The conversation had rippled and sparkled. My doctor friend and I juggled theological ideas as they tumbled out and into the space between us. But as he got up to leave my heart sank. ‘Oh no’, I thought, ‘after all that he’s going to say he’ll pray for me.’
I’m ultra sensitive, you could say allergic to people praying for me. It’s the result of growing up in an environment where prayer was a subtle form of control, a language game that socialised required theological ideas into an unquestioned groupthink. Everything was prayed about, loudly.
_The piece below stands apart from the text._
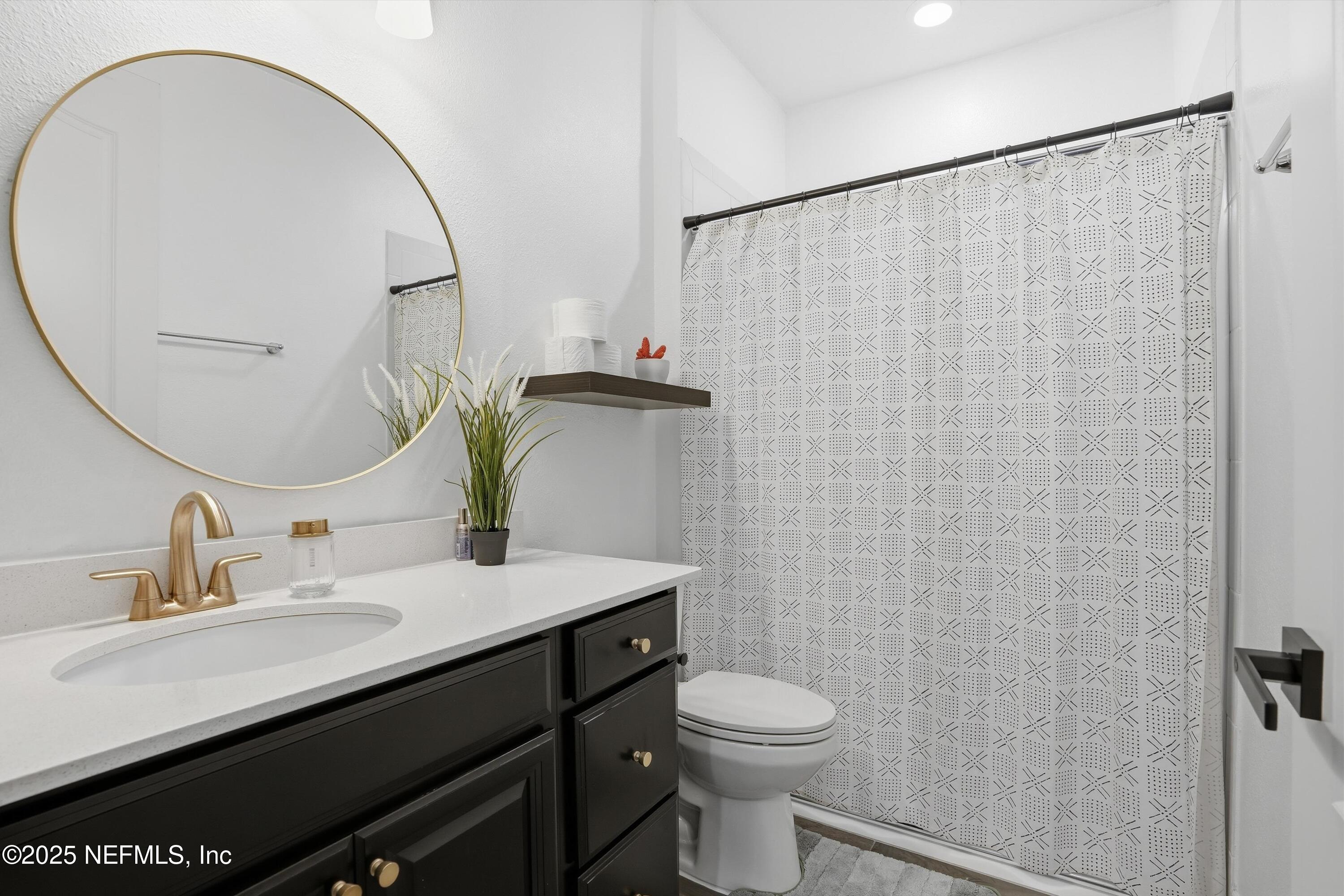 86 SAINT KITTS Loop, St. Augustine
At church, it was the men, their hands heavy with assumed authority pressing on our heads or shoulders whilst instructing God who, it has to be said, remained quite unresponsive, although claims of miraculous success were frequent.
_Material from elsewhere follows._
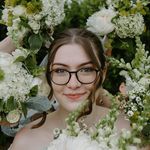sierra watson - @not_so_mellow_yellow - Instagram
This stage of faith, where God appears like Father Christmas or Big Brother is important to grow out of but getting past it is uncomfortable work, says James Fowler author of Stages of Faith: The Psychology of Human Development and The Quest for Meaning. Even religious institutions find it hard to move past what Fowler called the synthetic-conventional stage that has a strong reliance on conforming to authority. Mind you there’s money in keeping people stuck there. Tele-evangelists make millions out of that fear-filled environment where God watches like a vengeful, bullying superior.
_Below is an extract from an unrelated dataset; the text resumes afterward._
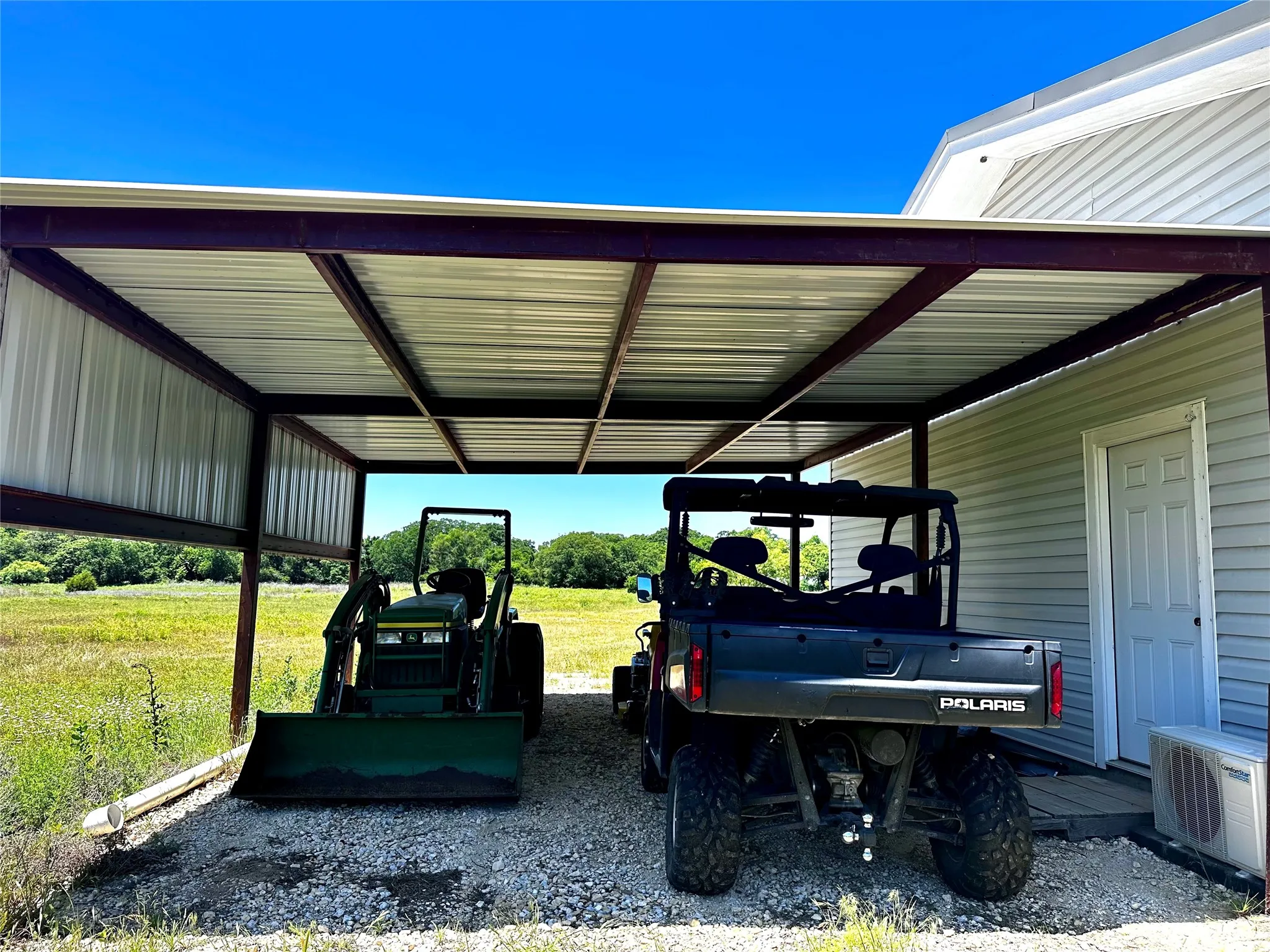 Farm For Sale in Callahan County , 12633 FM 374, Cross Plains, Texas 76443, 2 Bedroom, 2 Bathroom, 2 Garage spaces, 1,344 Sqft, built in 2023, mls#21268343, Real Estate Agent in Cross Plains, Homes For Sale in Callahan county, Homes For Sale in Cross Plains, Realtor in Cross Plains Texas, Real Estate Brokerage Independent Realty Texas, Luminita Cordes Realtor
However, ‘religion does not have a monopoly on faith,’ says Krista Tippett the On Being radio show host. She echoes Fowler who found from interviewing nearly six hundred people that faith is not necessarily religious but is a person’s way of leaning into and making sense of life. That resonates with me as a spiritual care practitioner working to embed spirituality into the healthcare system rather than remaining in New Zealand as an irrelevant religious add-on. This is not because people don’t think about the godstuff in its broadest sense but because our community conversation has, on the whole, been stuck back at the big brother stage.
In my lifetime the only stimulating marketplace theological debates, which is where they need to be, were during the heresy trial of Lloyd Geering in the 1960’s and then more latterly over St Matthew in the City’s wonderfully provocative billboards. Both of those experiences were uncomfortable for the institutional church and so they should have been. For how can any of us grow past basic understandings of reality to a place where the ground of being matters more than literalism without significant dislocation for the organisations charged with helping us explore.
My friend stumbled over his words. ‘I don’t even know what praying for someone means anymore.’ Our eyes twinkled in unison as we laughed. ‘But,’ he stuttered, ‘what I really mean is that I’m standing with you.’ Powerful.
On his way out he passed the poster I’d made highlighting the words of philosopher Simone Weil, ‘prayer … is absolutely unmixed attention’. My friend had made the effort to be with me in a time of struggle, to make me the focus of his attention. It was enough, more than enough. It was life-giving.
This unmixed attention is the lifeblood of professional spiritual care and the business of all of us in the health system because it’s what people desperately need when they are suffering.